On Local Interpretable Model-agnostic Explanations

Vishnu Sharma
6 min readDec 26, 2020

In this blog post, I am going to give a quick overview of the Local Interpretable Model-agnostic Explanation (LIME) tool (paper and code) by Ribeiro et al. It is aimed at explaining the decision-making process of machine/deep learning models. Before we jump into the specifics, let’s first understand what each of the terms means.

  • Local: There local explanations seek to explain the decision taken for a specific example. The other type, global explanations, explain the model itself (in other words, try to explain the decision taken for all the examples)
  • Interpretable: Interpretability and Explainability are the two types of approaches for model transparency. Interpretability means being able to explain how a decision was reached (e.g. printing the nodes in a decision tree). Explainability means generating post-hoc explanations for a decision. For explainability, we try to infer a relationship between the input and output and do not need to worry about the exact process of reaching a decision.
  • Model-agnostic: A model-agnostic method/tool means that its output does not depend on the type of the model. In contrast, a model-dependent or a model-specific model can explain/interpret only a specific type of model (e.g. linear classifier)

Why?

The need for model transparency can be described well by a single word: Trust.

Machine/Deep Learning has shown tremendous potential at solving problems/doing tasks, even outperforming humans at times. We already saw AI at work in many applications (Spotify/Netflix recommendation, Alexa/Google Home, Enhancing photos, to name a few). Yet, the rate of adoption is not quite as fast in areas like healthcare and autonomous driving. Why?

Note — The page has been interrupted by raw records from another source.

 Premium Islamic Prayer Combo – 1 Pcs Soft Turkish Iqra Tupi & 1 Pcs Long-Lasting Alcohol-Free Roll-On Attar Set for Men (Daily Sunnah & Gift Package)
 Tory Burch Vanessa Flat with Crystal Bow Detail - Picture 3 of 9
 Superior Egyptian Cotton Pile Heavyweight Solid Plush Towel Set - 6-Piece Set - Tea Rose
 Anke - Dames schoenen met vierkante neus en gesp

The applications like recommendations do not cause us any harm when AI fails. However, a wrong prescription or failure to stop the vehicle at the right moment may be life-threatening. It is natural for people to fear the unknown and hence lack trust in AI. Even the experts are oblivious to how these models reach a decision, further increasing the lack of trust.

While this somber and alarming tone resonates with a multitude of news articles, I assure you that we are years away from realizing HAL 9000 and SkyNet.

How does LIME work?

The premise is simple: train an interpretable model in the neighborhood of the example and use it to explain the decision.

How LIME works

In the example above, the white and blue surfaces are the decision surfaces classified using a machine/deep learning model. As can be seen, the decision boundary is quite complex. The example for which we wish to explain the decision is shown in the bold red + sign. The brownish + and blue discs are the neighborhood examples of the positive and negative predicted classes. Their sizes represent how much weight is given to them, based on their distance from the original example.

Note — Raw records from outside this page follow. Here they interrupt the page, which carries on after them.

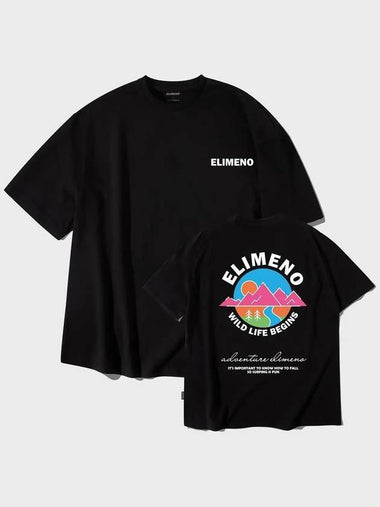 Wild Mountain Overfit Short Sleeve T Shirt Black - ELIMENO - BALAAN 1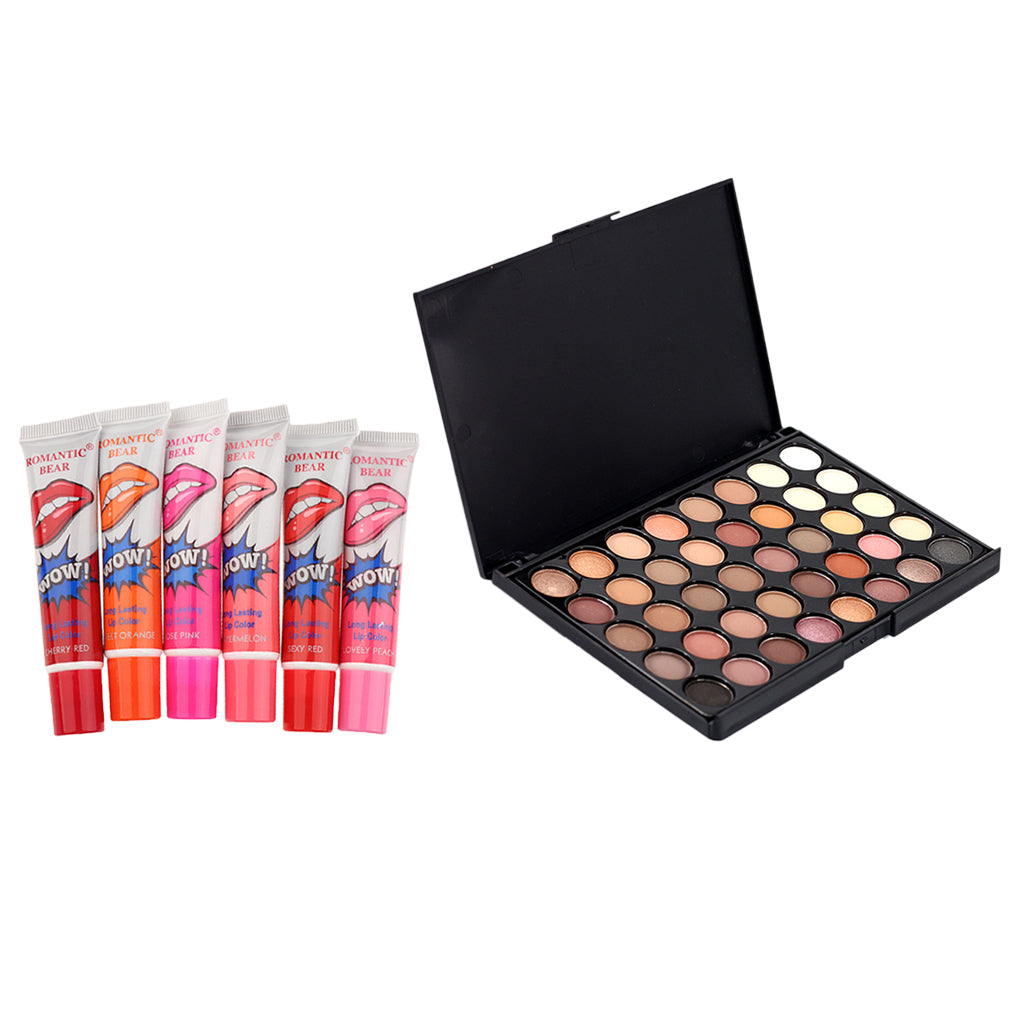 40 Colors Powder Eyeshadow Matt Palette +6pcs Waterproof Peel-off Lip Gloss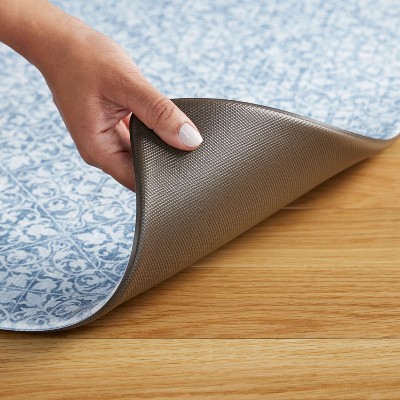 Blue PVC Medallion Anti-Fatigue Comfort Mat with Memory Foam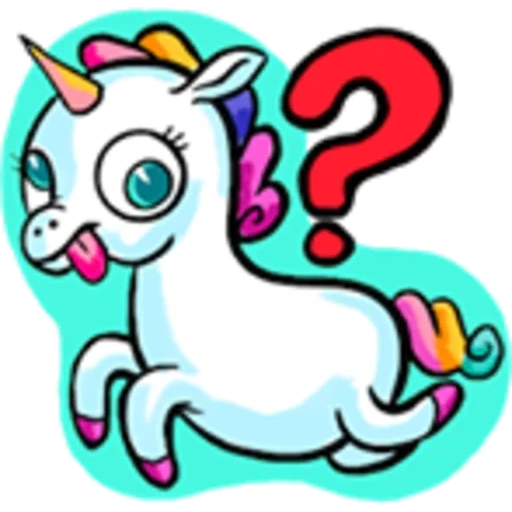 unicorn, un unicorno, un unicorno, cartoon unicorno, smiley unicorno adesivo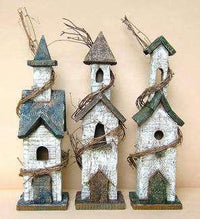 Thumbnail for Rustic Birdhouse w/ Grapevine Accent - Asst. Bird & Nest Decor CWI+ 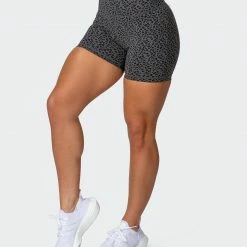 Muscle Nation Welcome To The Club Signature Scrunch Midway Shorts - Monochrome Mini Cheetah Print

The steps are as following:

  1. Feature Representation Group similar things together, which will act as features in the interpretable domain. For an image, it can be superpixels.
    The paper represents the original d-dimensional data as x ∈ ℝᵈ and the corresponding example in the interpretable domain as x ∈ { 0,1 }ᵈ’. It means that we have a d′-dimensional vector with the values 1/0 indicating whether a feature is present or not.
Input image
Superpixel segments
Superpixels

For examples we are going to look at the tutorial notebook on images by the authors.

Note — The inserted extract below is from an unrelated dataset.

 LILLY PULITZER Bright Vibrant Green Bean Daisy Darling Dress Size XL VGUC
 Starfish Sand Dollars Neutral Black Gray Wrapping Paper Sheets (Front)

The images on the left show examples of such features. In the example, we use superpixel algorithm to generate segments in the image. Superpixel algorithm generates labels for pixels by grouping them by similarity in colors and locations. In the second image, we have 172 such labels/segments (hence, d’ = 172). The boundaries generated by these segment is shown in the last image.

Each of these superpixel act as as a feature to be used as input for LIME. Thus for the original image, we have a 172-dimensional vector with all 1s (all features present). We would generate training datafor LIME by perturbing the presense of these features.

2. Training Data Generation: The data for training the interpretable model requires three things: (a) the input data (perturbation) in interpretable domain z′∈{0,1}ᵈ′, (b) the output data which is the prediction of the machine/deep learning model (NOT the ground truth), and (c) a weight/distance metric quantifying the distance of the perturbed data form the example under consideration πₓ(z)). The perturbation here means variations of the data with the presence/absence of features in the interpretable domain. Thus for an actual example with a 3-dimensional representation {1,1,1}, some of the perturbations could be {0,0,1},{1,0,1},{1,1,0}.

Perturbed example 1
Perturbed example 2
Perturbed example 3

For getting the output data, we need to make the predictions over the perturbed data in the original domain (z ∈ Rᵈ) using the machine/deep learning model. A perturbed data in the original domain can be represented by removing the corresponding superpixel segments, or by replacing them with the mean value of all the pixels in that superpixel. The reason we use the model outputs here instead of the ground truth is that we want to explain the model predictions.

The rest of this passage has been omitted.